Türk Ocakları Erzurum Şubesi Başkanı Nizam Işık, Doğu Türkistan Türklerine yönelik Çin zulmünün devam ettiğini, zulümden kaçan çaresiz ve sahipsiz Uygur Türklerinin insan tacirlerinin insafına terk edildiğini, bu konuda Doğu Türkistanlıların lideri Rabia Kadir’in beyanlarının dikkate alınması gerektiğini vurguladı.
Rabia Kadir’in Hürriyet gazetesinde yer alan “Biz Türk’üz, ırkımız, dilimiz, dinimiz bir. Kültürümüz, özümüz, sözümüz bir. Türkiye 2.000.000’a yakın Suriyeliye kucak açtı. Irak’tan kaçanlara Filistin’e, Libya’ya, Somali’ye başta para olmak üzere çeşitli yardımlarda bulundu. İyi de yaptı. Türkiye bu kadar Suriyeliyi Müslüman oldukları için alıyorsa, kimsenin yardım elini uzatmadığı Uygurlar hem Türk, hem de Müslüman. Onlara da el uzatsın. Çünkü onlar başımıza bir şey gelse Türk olduğumuz için Türkiye bize yardım eder, bize sahip çıkar ümidini taşıyorlar. Ancak Türkiye Uygurları bir şeyler yapıyormuş gibi kandırıyor. Yani ağızlarına kuru bir emzik verip oyalıyor. Uygur Türlerinin tek umudu, tek güvendiği ülke Türkiye’dir.
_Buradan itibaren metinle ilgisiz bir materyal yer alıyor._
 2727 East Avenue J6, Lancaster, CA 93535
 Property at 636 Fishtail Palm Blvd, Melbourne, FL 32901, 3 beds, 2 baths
Biz Türkiye’nin Çin’e söz verdiğini de biliyoruz.” feryadını hatırlatan Işık; Rabia Kadir’in Türkiye’yi “ikinci vatan” olarak kabul ettiğini ancak Türkiye’ye girmesinin hâlâ yasak olduğunu, kendisine vize verilmediğini de belirtti.
Işık, Uygur bölgesine din adamı kılığında komşu ülkelerden geçen bazı karanlık kişilerin yalan yanlış dini propaganda ve cennet vaatleriyle Uygur gençlerini kandırıp bölgeden çıkararak Türkiye’deki insan kaçakçılarına teslim ettiklerini ve Uygur gençlerin bu yolla IŞİD ya da ÖSO saflarında cepheye sürüldüğünü, bu insan kaçakçılarının da çoğunun hala Türkiye’de bulunduğu yönünde iddialar olduğunu, devletimizce bu konuda etkin tedbirlerin bir an önce alınmasını istedi.